How Do You Handle Extracting Incapacitated Combatants from Engagement?

Another situation I recall in our last session - it was the same combat where a PC charged and Knocked Down a powerful adversary, with the remaining PCs attempting to swarm him while he was down, in the subsequent 2 rounds.

During that fight, one of the 4 PCs went down while engaged with the enemy. The remaining PCs wanted one of their number to drag him out of melee and look him over. After doing so, the “dragger” returned to engagement and another PC went down. One of the two remaining PCs dragged the 2nd downed character out to look him over.

How would you handle this situation, as I can see it happening a lot in the future? Obviously, the players wanted to take advantage of tending to a fallen combatant within 1 round of falling to gain the +2 bonus.

I gave the players the benefit of my doubt in this case, but I’m not sure I ran it as intended to be run, and I’d rather have a clearer answer in the future.

The “official rule” would be that the PC-dragger would have to first use either a movement or an attack action to “pick up” the fallen character. The fallen character’s weight would be added to his encumbrance, reducing his movement probably to 60’ or 30’. On the character’s next round, he could then conduct a withdrawal.

There are two simpler ways you could handle it:

  1. Allow the “dragger” to grab his friend and withdraw up to his combat movement carrying his fallen comrade, but treat this as a full retreat;
  2. Allow the “dragger” to conduct an Overrun special maneuver to escape with the body of the fallen.

I personally use option #1.

So “by the book” then requires two rounds.
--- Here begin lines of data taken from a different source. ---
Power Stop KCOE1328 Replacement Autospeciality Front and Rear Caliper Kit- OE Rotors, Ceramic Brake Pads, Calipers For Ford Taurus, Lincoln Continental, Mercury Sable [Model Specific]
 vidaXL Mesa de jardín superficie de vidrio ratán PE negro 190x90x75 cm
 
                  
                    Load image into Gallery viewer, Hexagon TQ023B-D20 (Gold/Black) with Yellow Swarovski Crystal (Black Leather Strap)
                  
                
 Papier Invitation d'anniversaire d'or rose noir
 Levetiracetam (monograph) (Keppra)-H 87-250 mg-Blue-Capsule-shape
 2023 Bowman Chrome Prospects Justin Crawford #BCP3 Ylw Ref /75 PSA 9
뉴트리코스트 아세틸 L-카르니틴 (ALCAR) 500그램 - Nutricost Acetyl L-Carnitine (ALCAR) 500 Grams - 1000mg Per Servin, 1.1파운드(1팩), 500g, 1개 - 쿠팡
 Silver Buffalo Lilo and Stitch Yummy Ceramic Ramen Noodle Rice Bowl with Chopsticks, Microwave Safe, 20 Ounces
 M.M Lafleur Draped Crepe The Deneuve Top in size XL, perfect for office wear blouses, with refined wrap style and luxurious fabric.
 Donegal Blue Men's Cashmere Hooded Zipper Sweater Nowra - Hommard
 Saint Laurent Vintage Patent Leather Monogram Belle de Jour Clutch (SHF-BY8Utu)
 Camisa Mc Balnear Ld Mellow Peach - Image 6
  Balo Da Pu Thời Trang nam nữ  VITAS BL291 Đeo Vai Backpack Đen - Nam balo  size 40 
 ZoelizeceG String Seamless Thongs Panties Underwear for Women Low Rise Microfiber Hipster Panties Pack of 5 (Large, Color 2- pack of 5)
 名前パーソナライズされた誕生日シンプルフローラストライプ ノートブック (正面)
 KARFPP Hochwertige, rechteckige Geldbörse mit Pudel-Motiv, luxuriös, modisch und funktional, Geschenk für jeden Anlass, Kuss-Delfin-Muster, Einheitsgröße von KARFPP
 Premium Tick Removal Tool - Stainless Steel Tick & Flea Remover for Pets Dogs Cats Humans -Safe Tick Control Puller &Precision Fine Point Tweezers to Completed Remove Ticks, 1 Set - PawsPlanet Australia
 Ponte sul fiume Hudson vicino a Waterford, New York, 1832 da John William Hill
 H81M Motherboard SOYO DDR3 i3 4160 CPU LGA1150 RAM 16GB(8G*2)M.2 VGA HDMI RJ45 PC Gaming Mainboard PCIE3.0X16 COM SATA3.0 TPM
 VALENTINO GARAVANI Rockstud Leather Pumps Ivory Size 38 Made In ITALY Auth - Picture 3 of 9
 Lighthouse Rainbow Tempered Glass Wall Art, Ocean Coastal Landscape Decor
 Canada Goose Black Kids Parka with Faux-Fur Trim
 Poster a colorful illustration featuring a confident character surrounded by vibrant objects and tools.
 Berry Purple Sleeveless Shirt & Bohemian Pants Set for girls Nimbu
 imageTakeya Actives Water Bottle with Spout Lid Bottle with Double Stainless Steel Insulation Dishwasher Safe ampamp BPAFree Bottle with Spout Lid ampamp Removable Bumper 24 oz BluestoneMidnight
Putting it in ACKS terms, what I did was:

  1. Allow the dragger to grab his fallen ally (i.e. pick up an item off the ground… admittedly, “item” in this case is a stretch, but not too big a stretch)
  2. Withdraw from engagement up to half his combat movement (which admittedly breaks the RAW, since your non-movement action comes after your movement action).

I like all three of those methods actually. I can envision several instances where one makes more sense to use than the other two.

Thanks as always Alex!

Alex said: “The fallen character’s weight would be added to his encumbrance, reducing his movement probably to 60’ or 30’. On the character’s next round, he could then conduct a withdrawal.”

What if this causes encumbrance to exceed maximum capacity?

(I think in most cases it will. Consider an average human might be 17 stone. This leaves only 3 stone of armor and equipment for both characters combined before an average strength character can’t carry his comrade.)

[An on the fly ruling I did: Dragging: you can drag something if that would encumber you no more than double your max load. Movement while dragging is 5 feet per round, and counts as retreating.]